Naturally, this seems like a fairly obvious observation. Few of us claim to know the future. But how many people make investments as if they do, as if things that they believe are going to happen have already happened? And -- this is what's most important -- they do not consider the probabilities that they are wrong, or the consequences of being wrong.
Put this into the context of the most recent boom and you can see how damaging this can be. B2B e-commerce was supposed to be anywhere from $1 trillion to $3 trillion in size by 2005, depending on which forecasting service you referenced. Merrill Lynch
Perhaps as importantly, of the 17 HOLDR products that Merrill put together from 1999 to 2001, four of them have Internet themes. Merrill's reasoning for doing so was simple -- it was reacting to the demands of customers, who looked into the future and saw the Internet at the center of everything. Newspapers? Dead. Middlemen? Dead. It was going to destroy whole sectors of business as we know it. Everything was going to change.
And it did, sort of. E-commerce is a massive component of the American economy. But what none of the investors, institutional or individual, who bought into these pipe-dream companies got right was predicting how things would change and who would benefit. In short, they didn't take into account the risk of being wrong.

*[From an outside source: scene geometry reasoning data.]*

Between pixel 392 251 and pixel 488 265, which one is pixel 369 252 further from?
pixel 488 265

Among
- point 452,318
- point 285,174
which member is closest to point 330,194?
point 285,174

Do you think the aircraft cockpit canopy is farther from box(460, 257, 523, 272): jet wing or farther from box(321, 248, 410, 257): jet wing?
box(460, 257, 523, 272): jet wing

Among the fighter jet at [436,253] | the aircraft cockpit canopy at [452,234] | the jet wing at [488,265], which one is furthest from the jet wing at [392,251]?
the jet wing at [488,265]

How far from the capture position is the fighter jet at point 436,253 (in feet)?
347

What destroyed investors' portfolios wasn't being wrong about one stock; rather it was holding a series of companies that had great hopes but minuscule presents and being wrong about the whole lot of them. Picking among Ariba, Commerce One, and i2 for a winner didn't yield any winner at all. They all lost. So did their investors.
I've been thinking about this to some extent because I've been receiving some very nice, if misguided, questions about how I "knew" that oil was going to take off when I started writing about Ultramar Diamond Shamrock and its successor, refining giant Valero
It's pretty simple, actually. I didn't. What I did know was that refining was a business priced at a level that had enormous margins of error built in. Further, I knew that refining was a business that would remain in high demand and had a fairly fixed base of supply. And finally, this was a sector that investors had totally abandoned. They were sick of waiting. I, of course, don't mind waiting, if the price is right, which for Valero it was. What's not to like about that?

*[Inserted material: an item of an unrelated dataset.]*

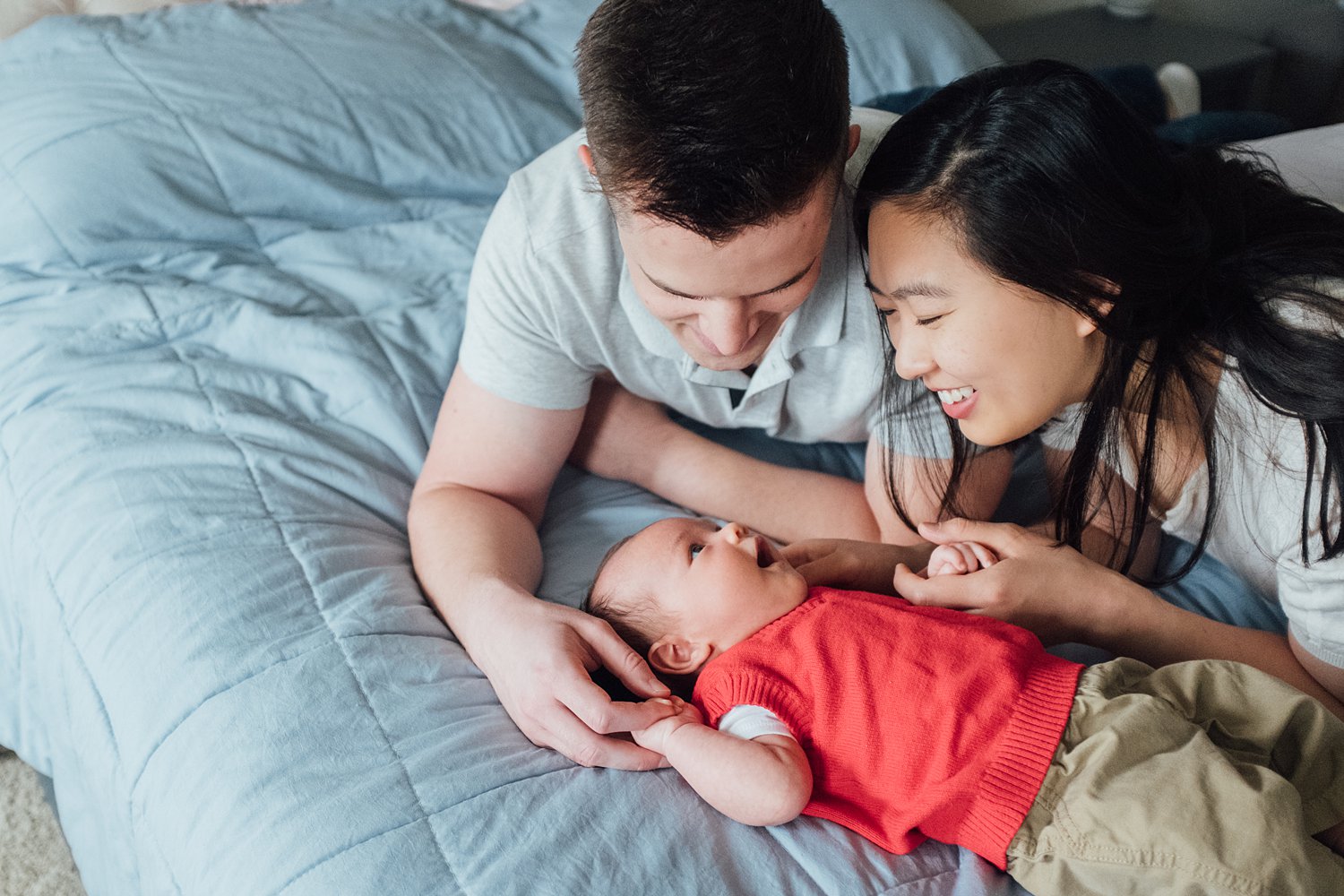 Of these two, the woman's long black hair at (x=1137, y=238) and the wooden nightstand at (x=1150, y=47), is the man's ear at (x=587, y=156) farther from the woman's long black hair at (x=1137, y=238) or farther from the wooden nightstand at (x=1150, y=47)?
the wooden nightstand at (x=1150, y=47)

Each time that I wrote about Valero's business, some roughneck let me know that it would require a very, very large vessel to hold all of the information that I don't know about the refining business. He is, of course, correct. There is plenty about this business I don't know. We're never going to have perfect information as investors. What I did need to know about was the thing that so many investors forget: I had a pretty substantial margin of not being massacred if I was wrong. It's hard for companies to let investors down when no one expects much from them anyway. Further, I had good probability of success on my side. Refining was a nasty but very necessary business, and it has huge operating leverage. When the economics change in refining's favor, as they have of late, its marginal product is massive. That's why Valero has sailed from being a $16 stock to one that exceeds $40 today, and that's why it still only boasts a price-to-earnings ratio of 9.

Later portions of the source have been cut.